Last week, I hosted my friend Adrian, whom I've been writing back and forth with for over a year and a half. He's from Australia and is a fun, very personable fellow with a sensitive spirit and an intriguing world view. My initial response when he asked if he could stop by Austin on his way to Italy (after a week at Burning Man) was YES, YES, A THOUSAND TIMES YES! Followed by an immediate sense of trepidation as I realized just what I'd agreed to, namely an invasion of my sacred space for days on end. Followed by occasional mental beratement for being inflexible and shunning an interesting opportunity. Rinse and repeat. Worse was having three weeks to oscillate between the two emotions. We finally met last Wednesday and things started off well enough. I was at work during the day, so it's not like we hung out continually -- in fact, we did not have a single full day together since he ended up leaving Saturday, which I was unfortunately relieved for.

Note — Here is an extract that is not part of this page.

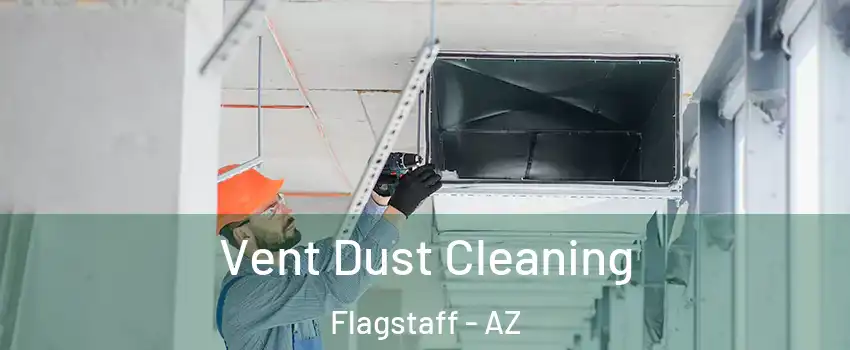  Vent Dust Cleaning Flagstaff - AZ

He wanted a lover for the next few days. So did I. But unfortunately, I'm far more choosy than most and did not find him overly appealing after the first night, due to various sexual explorations that sent my libido screaming away into a dark cave. And, well, the invasion of my introvert-space. How strange this inner being is. He was my absolute ideal physical type - strong, rugged, dark hair, beautiful eyes and a thoughtful, deep individual yet I was entirely put off by the idea of a lover for a weekend that I'd never see again. He'd give me the puppy dog stare whenever possible and sometimes it would annoy me as my inner voice said "you're never going to see me again; why are you trying so hard?" Even though I've oft fantasized about exactly this situation. Hitting it off with a foreigner and a spicy weekend of passionate sex. And then they take off for a year or so. Who doesn't have that fantasy? What I've really learned is just how phantasmagorical our notions of happiness are. In my life, I've been able to explore just about every notion I thought would bring me happiness on a major or minor scale and every single one has proven entirely temporary or outright wrong. In the permanent sense, not the temporary -- of course a plate of sushi isn't going to send you into unending Nirvana, but the guilt that comes with the bill are the attendant Dukkha and worth noting.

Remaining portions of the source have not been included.